Advent Devotional: Thursday, December 20

Theme: Making Room for Hope

Written by Christopher Williams, First Congregational Church of Fresno

Luke 1:67-80

Parents have goals and expectations of their children. From the moment they are born we see children as unfinished pieces of work that need nurturing and direction and we receive a great sense of pride with their accomplishments.

There exists a story that after Michelangelo had carved the statue of David he was asked how he was able to craft such a masterpiece, to which he replied “The sculpture was already complete within the marble, all I did was chip away the edges.”

What we have to remember is that what we want for our children and what they do may not always be one in the same. God has a “dog in this fight” as well.

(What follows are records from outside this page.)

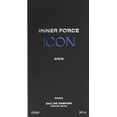 thumbnail image 1 of Eau de Parfum Spray LOrientale Inner Force Icon 100 ml, 1 of 2
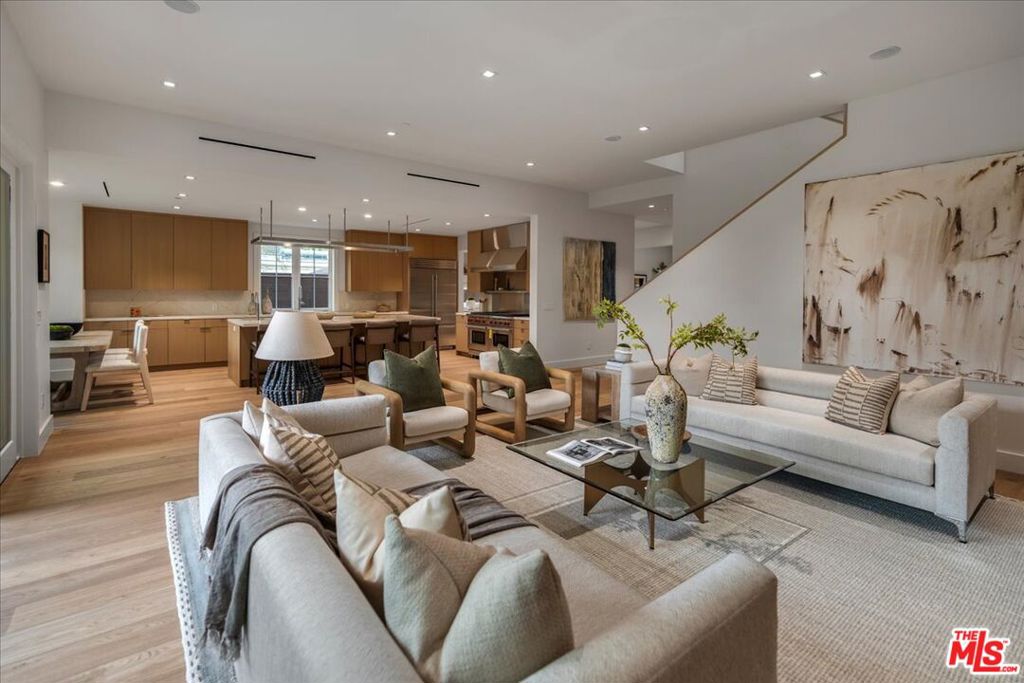 541 S Westgate Avenue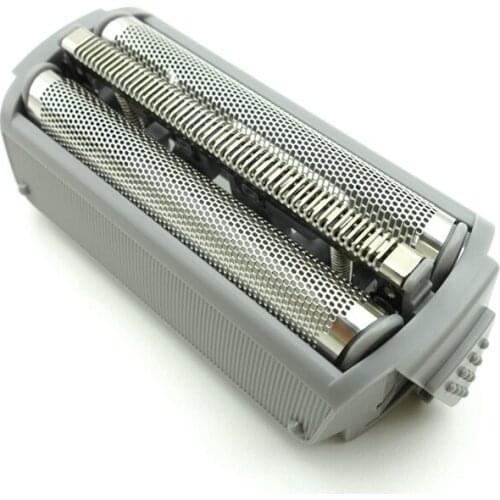 Shaver Razor Foil ES9077 ES8024 ES8035 ES8017 ES7005 ES8018 ES765 ES766 ES883 ES882 ES8016 ES8026 ES8025 ES7023 ES7022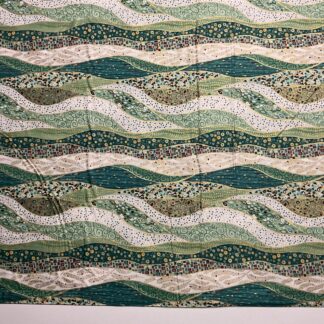 Makower UK 156 G (Golden)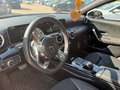 Mercedes-Benz A 200 CLASSE A - W177 2018 PREMIUM AUTO - thumbnail 8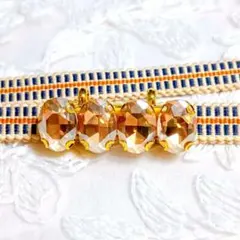 Item thumbnail for item 7e7e1456-411b-4216-8090-9d046f2edf1b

In the story of John the Baptist, his father Zechariah was singing a song of praise during John’s circumcision (which is apparently a thing people did in those times). During this song Zechariah spells out God’s plan to have John become the prophet “Most High” and prepare the way for the coming of the Lord and preach salvation and forgiveness to the masses. That’s a pretty tall order to be sung at an infant having their foreskin removed.

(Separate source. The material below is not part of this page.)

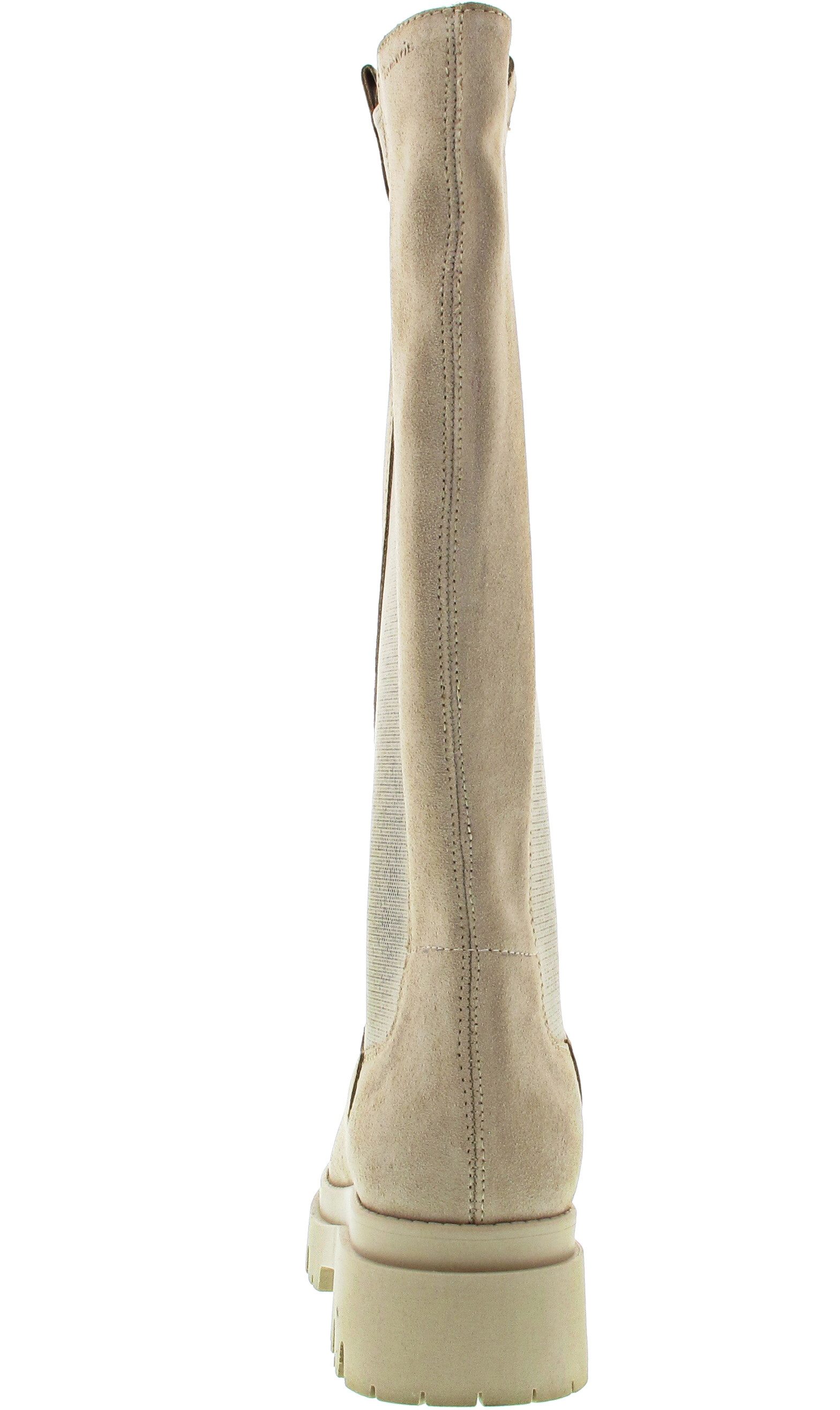 Tamaris Stiefel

Zechariah had the advantage of being informed about John’s future by not just any old angel but the Archangel Gabriel himself. Most of us are not as lucky as Zechariah. We will blindly guide our children, try to get them interested in careers we want for them (astronaut/doctor for mine), and hope for the best.

Just remember that your plans and God’s plans may differ. After all, they can’t all be astronaut/doctors.

Advent Devotional: Wednesday, December 19

Theme: Making Room for Hope

Written by Kimberly Williams, First Congregational Church of Fresno

Luke 1:39-45

When Elizabeth heard Mary’s greeting, the child leapt in her womb.

Anyone who has ever had a baby human growing inside of them knows that once the baby starts kicking and moving around, there’s no turning that sensation off. It’s not like turning down the volume on the TV or changing out of a scratchy sweater. That baby in there will be felt whenever there is movement — sometimes the cross-belly rippling movement of what feels like a full yoga session in the uterus, other times it’s a little flutter that rests somewhere in between indigestion and first-date butterflies.

Then there are times when it’s the strained, sick-with-worry awareness of a lack of movement, which is even more unbearable than a heel to the rib. All of it is noted, noticed, overthought about.

I can tell you one thing after carrying three babies of my own — I never once felt any of them leap in my womb. Lots of hiccups and elbows, zero leaping.

In this story, Mary enters Elizabeth’s home and greets her. Both women are pregnant, carrying little bundles of revolutionary joy — Elizabeth is the mother of John the Baptist. As soon as Elizabeth hears Mary’s voice, baby prophet John recognizes the presence of baby messiah Jesus, and he leaps. This is huge. This is even shocking to someone who has conceived a baby well past her time and is familiar with God’s surprise blessings. This child in her womb is ecstatic, the Lord is here! In this room! The awareness that often comes along with holding life in one’s belly is on high alert and Elizabeth immediately understands.

There is such beauty in these two women in this moment, belly to belly. The connection they have is unlike any other. Both trusted the Lord when the stakes were high. They see each other, not just two moms-to-be exchanging stories about sciatic nerve pain at night (which is a powerful connection on its own!), but as women who believed—who believe!—and who are deeply blessed.

Lord, thank you for the leaping joy that comes with feeling your presence! Amen.